Das intensive Spiel des Dorian Gray

Meine Serie von Theaterbesuchen in diesem Herbst reißt nicht ab. Am Samstag war ich mal wieder im Theater-Ensemble auf dem Bürgerbräu-Gelände. Gespielt wurde an dem Abend der einzige Roman von Oscar Wilde, „Das Bildnis des Dorian Gray“. Den ich nie gelesen habe, ich kenne nur ein paar Verfilmungen und Zitate in der Popkultur. Und jetzt ein klassisch inszeniertes Theaterstück.

Ich war an diesem Abend mit fast den gleichen Leuten im Theater-Ensemble wie im Sommer bei „Die Zeitmaschine“, und so durften ein paar Scherze vor der Vorführung nicht fehlen, ob wir auch das Ende des Dorian Gray erleben dürfen. Spoiler: Wir durften.

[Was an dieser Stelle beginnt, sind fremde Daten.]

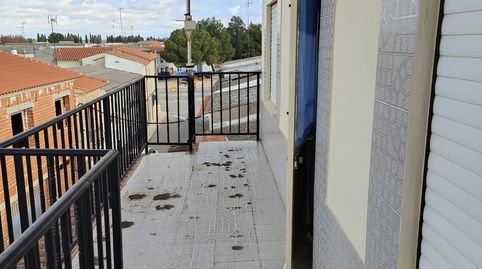 Foto 2 de Casa o xalet en venda a Corral de Almaguer, Toledo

Die Handlung in aller Kürze: Schöner Mann wird gemalt, findet sich auf dem Bild toll, wünscht sich, dass er immer so aussieht wie auf dem Bild, Wunsch erfüllt sich, Verfall durch Alter, Sünden, Verbrechen, Lebenswandel gehen immer auf das Bild über, Mann bleibt jung, freundet sich mit adligem Zyniker an, treibt Freundin in Selbstmord, lässt keine Unmoral aus, ermordet Maler, erpresst Freund, Leiche verschwinden zu lassen, Freunde begeht Selbstmord, hat Existenzkrise, zerstört Bild, Leiche eines hässlichen, alten Mannes wird vor Bild von jungen schönen Mann gefunden.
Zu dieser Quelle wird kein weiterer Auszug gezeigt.